What needs to be done -> Each line in the material below, starting at the one with "Beach view from Ocean Sky Resort" and ending at the one with "Thom Browne Sailor", is to be reproduced exactly; no picture is to be copied.

Records shown ->

==============================

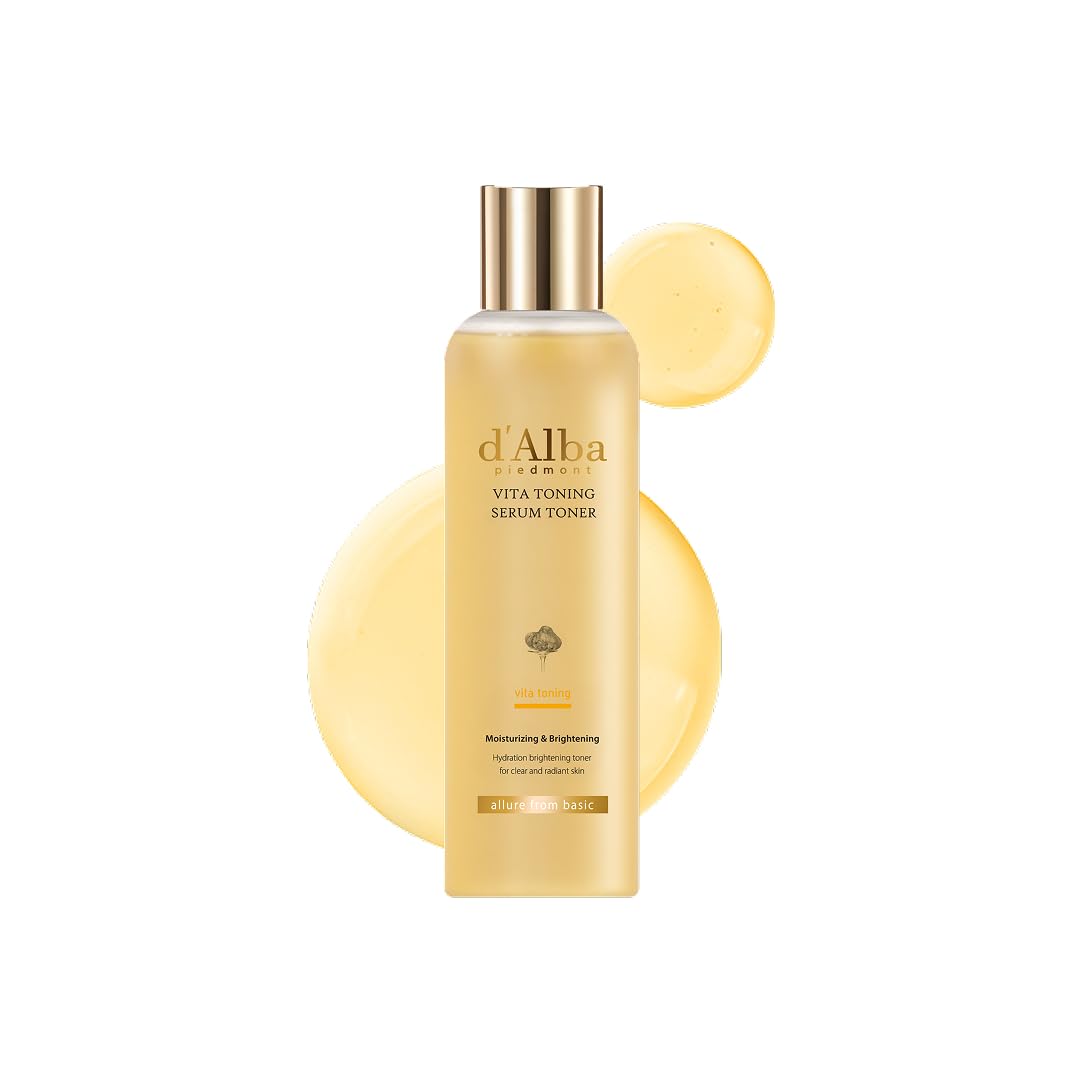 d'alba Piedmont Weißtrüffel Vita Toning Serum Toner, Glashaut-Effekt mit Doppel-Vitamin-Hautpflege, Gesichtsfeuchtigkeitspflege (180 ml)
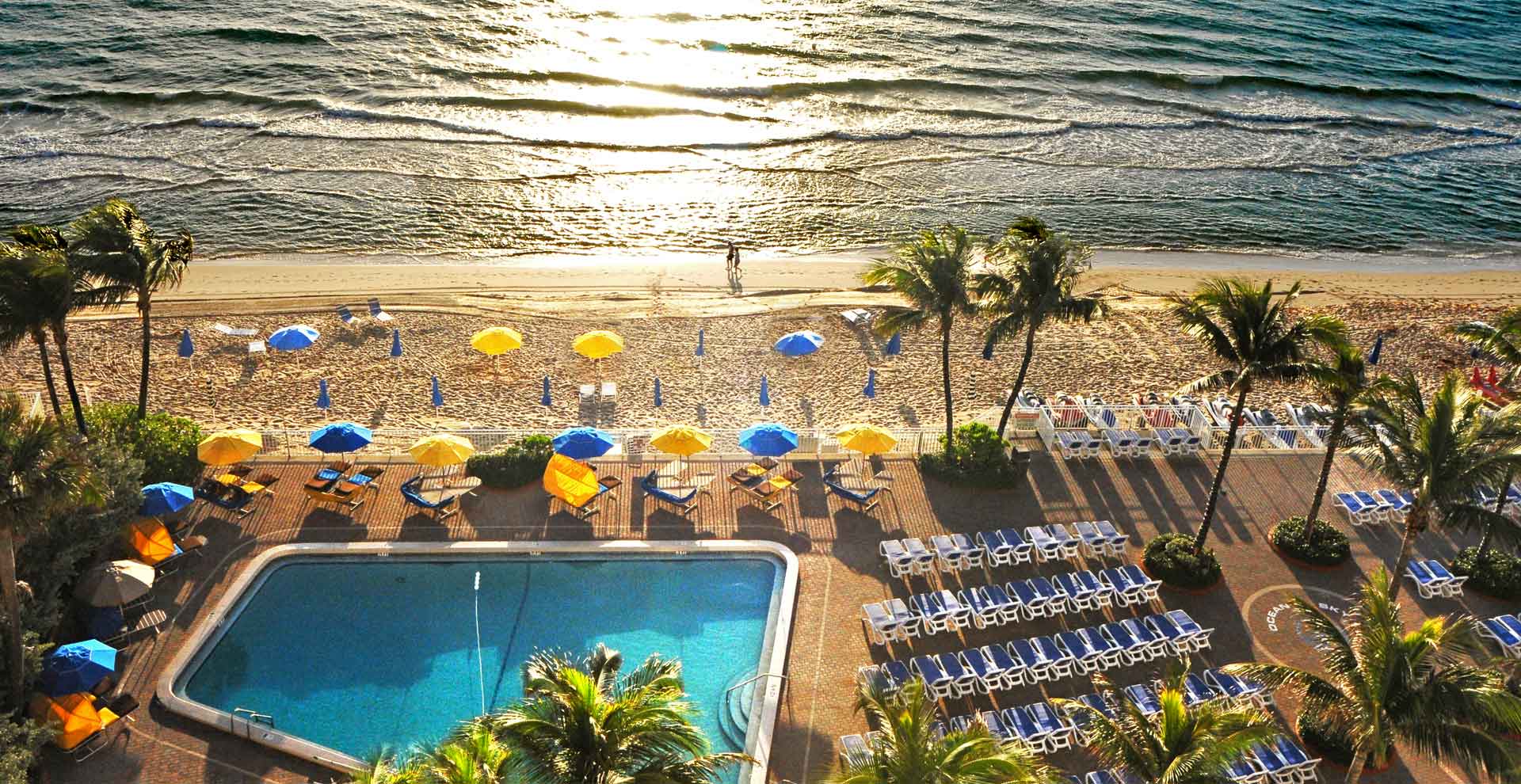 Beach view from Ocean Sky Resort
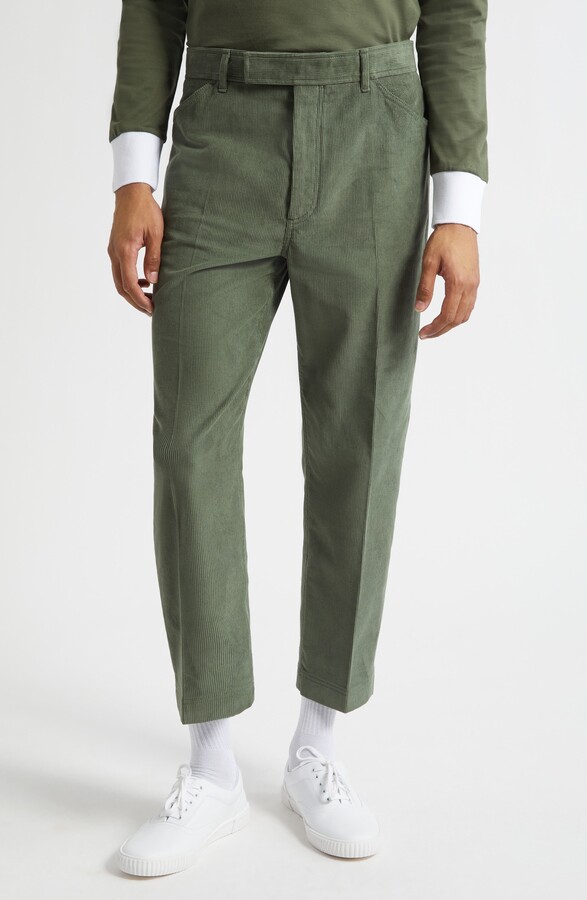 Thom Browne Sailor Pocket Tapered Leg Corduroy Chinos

==============================

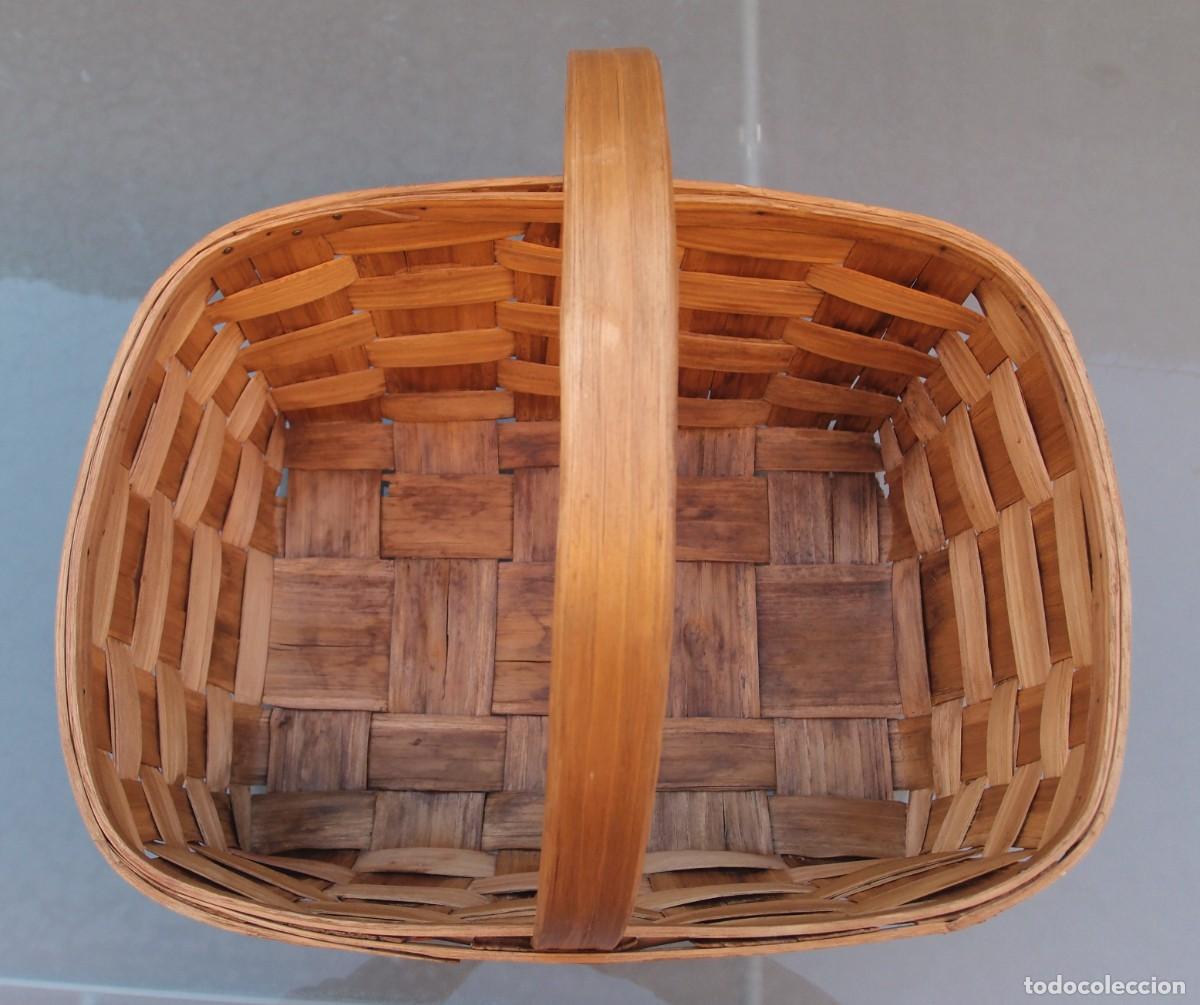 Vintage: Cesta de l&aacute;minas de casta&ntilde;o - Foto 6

==============================

Solution to this task ->
 Beach view from Ocean Sky Resort
 Thom Browne Sailor Pocket Tapered Leg Corduroy Chinos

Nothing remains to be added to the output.